From working with many small business owners over the years, one of the key things I’ve learnt is how all businesses, across all sectors, including consultancies and professional services companies, are dependent on cash in the bank. Cashflow is vital even if you have a profitable business and a great business model.
One in five business owners indicate that cashflow issues are the norm rather than the exception so if you find yourself struggling then you’re certainly not alone.
There are many different issues that can cause cashflow problems but so long as you have a profitable business plan these can all be solved and there are some key things that you can do as follows:
1. Put In Place An Effective Credit Control System
This does not need to be complicated.
Firstly you should credit check potential new customers and a quick and easy way to do this in a couple of minutes is by using online tools such as Creditfocus or Creditsafe or similar. This will reduce the likelihood of taking on board clients that are unlikely to pay you. Then, don’t offer any one client too much credit to leave you exposed to a potential bad debt.
You should use some decent accounting software where you can quickly and easily invoice your clients as well as automatically setting in place invoice reminders at planned stages.
You should issue your invoices promptly to clients and agree short payment terms in your agreed contract – there’s no need to offer 30 days payment terms, these terms are up to you and I’d suggest 7 days if you are offering credit.
Plus, always negotiate longer payment terms with your suppliers as you feel appropriate.
2. Use A Direct Debit Service To Collect Payments
For consultancies and professional services companies in the business to business sector using a direct debit provider to collect payments is a fantastic thing to implement that can transform your credit control and cashflow. We recommend GoCardless and have used it for years with superb results, as have many of our clients.
Once you have your clients on direct debit then payments can be automated or raised manually for varied amounts and you can predict exactly when your revenues are arriving into your bank account. So you’re not reliant on the whim of when your client gets round to paying you and don’t need to spend lots of time chasing payments and worrying about when debts are going to be settled.
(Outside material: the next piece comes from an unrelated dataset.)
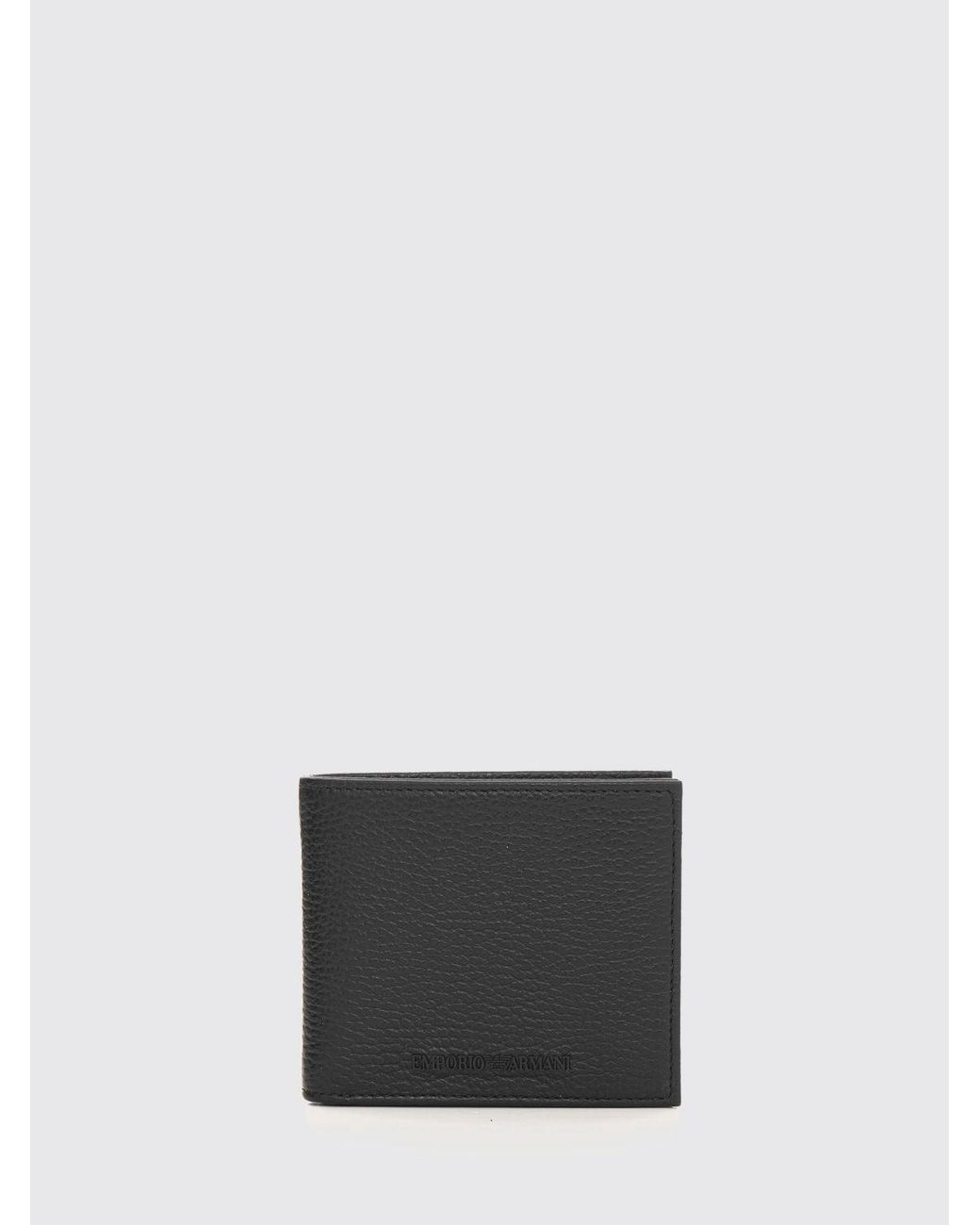 Emporio Armani White Pebbled Leather Horizontal Bifold Wallet With Applied Logo for men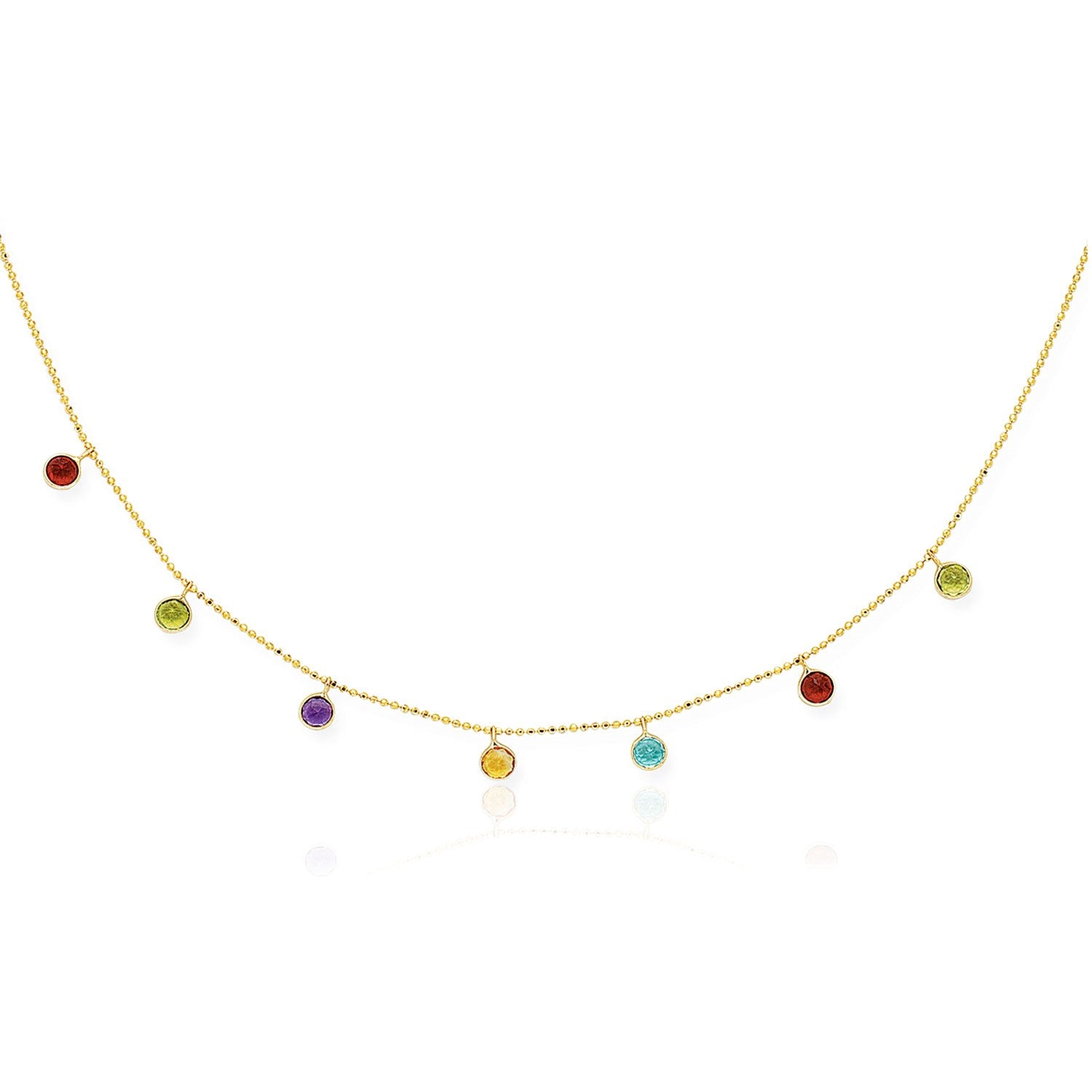 14K Yellow Gold Multi-Color Round Charm Necklace – Adjustable 16 to 18 Inch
3. Keep Your Books Accurate And Up To Date
It may sound obvious but if you don’t keep your bookkeeping records up to date then how are you supposed to be able to predict what’s going to happen with your cashflow? You really need to know how much you owe, when you should be paying, how much you are owed, and when you are going to receive the amounts due. This is key since you can’t see what’s going on without accurate bookkeeping records as a minimum. Having out of date financial records is not much use to you when you’re focussing on cashflow.
4. Focus On Cashflow Management As Well As Profits
Of course, ultimately you want your business to make good profits but good cashflow is vital to keep the company going to allow you to build those profits and successfully grow the business.
So you’ll need to keep a regular eye on cashflow and produce regular cashflow statements to keep in full control of things and to effectively plan your growth. You should use good accounting software capable of producing clear cashflow statements and use the expertise of your accountant or business advisor where needed.
5. Build A Cash Reserve Or Have An Accessible Line Of Credit
Ideally you’ll want to have some sort of cash “buffer” in the bank to ease through any tricky months but if this isn’t possible then you should make sure that you have some back up line of credit such as an overdraft or company credit cards already in place. Then you don’t need to stress as much if there are short periods where things are tight.
6. Consider Raising Your Prices
It’s obvious that increasing your revenue will improve your cashflow but increasing your revenue you may think is easier said than done. Clearly raising your prices will increase your revenue (as well as improve your profits) and it’s something that can be implemented quite quickly without affecting how you run your business. Pricing isn’t an exact science and your customers may well be prepared to pay you significantly more than you think if you’re providing a valuable service offering. It’s something you could easily test on some of your services if not the whole spectrum, or on a sector of your customers.
Adding additional new revenue streams from new service offerings (perhaps to existing clients) is also something that could of course increase your revenues and hence improve cashflow.
So if you’re one of the many small business owners who experience cashflow difficulties from time to time you can see that there are many things that you can potentially do to overcome the problem. Make sure you don’t bury your head in the sand and hope things will get better. Take action, focus on 1 or 2 or more of the points above and solve the problem right away.